SADC payment integration system
SADC payment integration system
In 2013 the Southern African Development Community (SADC) Integrated Regional Electronic Settlement System (SIRESS) became operational in the four countries of the Common Monetary Area (CMA): South Africa, Namibia, Lesotho and Swaziland.
The paper illustrates that SIRESS is a first step to implementing a common electronic cross-border payment system across all member states of the SADC regional economic community (REC). Moreover, although SADC countries are among the most diverse economies in a geopolitical region, financial integration in the region is highest among the CMA countries. Furthermore, interest rate movements in these four countries are highly synchronised.

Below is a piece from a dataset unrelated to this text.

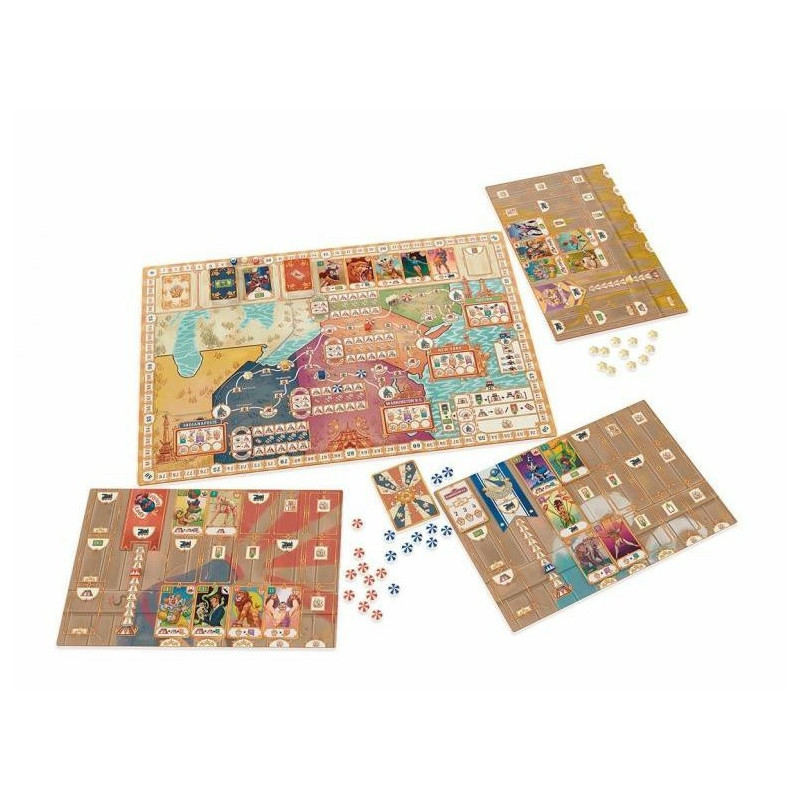 3 Ring Circus | Juegos de Mesa | Gameria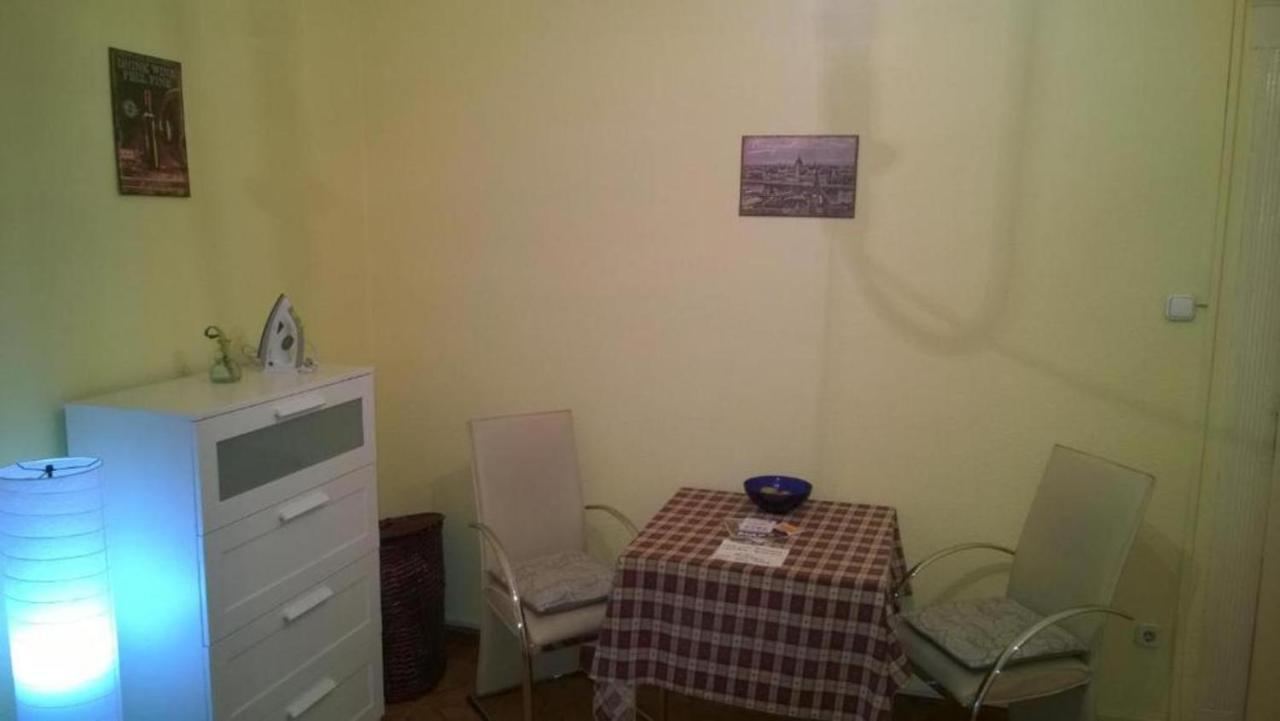 White Ship Apartman Budapest Exterior photo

The document reviews the wisdom of monetary unions in light of the overlapping membership of meant countries in different regional communities, indicating that these countries may be tempted by alternatives to SADC regional integration. This, in turn, may lead to competing policy and regulatory requirements, which will make compliance more difficult to ensure. In addition, the hegemonic relationships among SADC countries, embedded in the differing sizes and levels of economic and political influence of SADC members, is likely to threaten economic and financial integration.
All things considered, the author concludes that the pilot SIRESS project may represent a test of the variable geometry approach to regional processes in SADC, and may provide lessons for the RECs for the future.